Hi Tony, I don’t have any problems with what you did in terms of “non-intervention” – that’s a proper ethical decision for an interpreter and, although troubling for our human sensibilities, it falls in the general category of “that’s the way the cookie crumbles” – i.e. we have no control or obligation in regard to people’s unfortunate life experiences (as long as no crime is occurring in our presence that we have to report). If it’s any consolation, you might consider this wise advice I once received from an Al-Anon mentor: “Everybody has their own Higher Power (to deal with life’s troubles)… and guess what – it’s not YOU!”
The only problem I have is the part about accepting a wad of cash directly from the lawyer’s client. I think it’s better to try to make sure we are always paid by the attorney (or the court), not the person (his client) for whom we have interpreted, in order to avoid any perception of conflict of interest or partiality. I know there’s only a subtle difference (in the end, the money comes from the same source) but I think it’s a better practice in terms of abiding by the canons of ethics. I would probably have told the attorney to expect my invoice and walked away. I always include in my contracts a phrase to the effect that payment of my fee is not contingent upon my client’s receiving payment by any third party (i.e. his client); so whether his client was happy or not, it would be the obligation of the lawyer to pay me. In this case, there were extenuating circumstances and I doubt there would be any ethical repercussions, but in other circumstances, accepting money directly from a litigant could be problematic. Sometimes it’s all about appearances.

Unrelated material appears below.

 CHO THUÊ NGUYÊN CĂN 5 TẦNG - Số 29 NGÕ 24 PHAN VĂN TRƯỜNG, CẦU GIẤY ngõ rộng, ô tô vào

Tony, I completely agree with the situation. With my experience as an Attorney back home and now as an Interpreter, if we look at the other side of the scenario, the judge was familiar with this type of situation where petitioner expects an expatriate order in absence of the respondent.and so posed such questions to the the petitioner. On the other hand the attorney to gather with the petitioner, might have filed the petition for dissolution of marriage with anticipated dismissal. Sometimes people just try to take a chance and so why the attorney should worry of trying something for which he is getting his fees. I have come across certain cases while doing the interpretation and found that some negligent attorneys don’t even put effort to help there client, they do not spend time to prepare their documents to prove their case or any valid arguments. At that time I feel very bad because while interpreting I can easily assume the favorable required documents from the record itself and necessary supporting arguments to save the client. Sometimes it becomes nerve breaking that why the attorney can’t use certain documents or arguments? why they don’t ask certain questions? It is frustrating for me because on this side of the bench our hands are tight.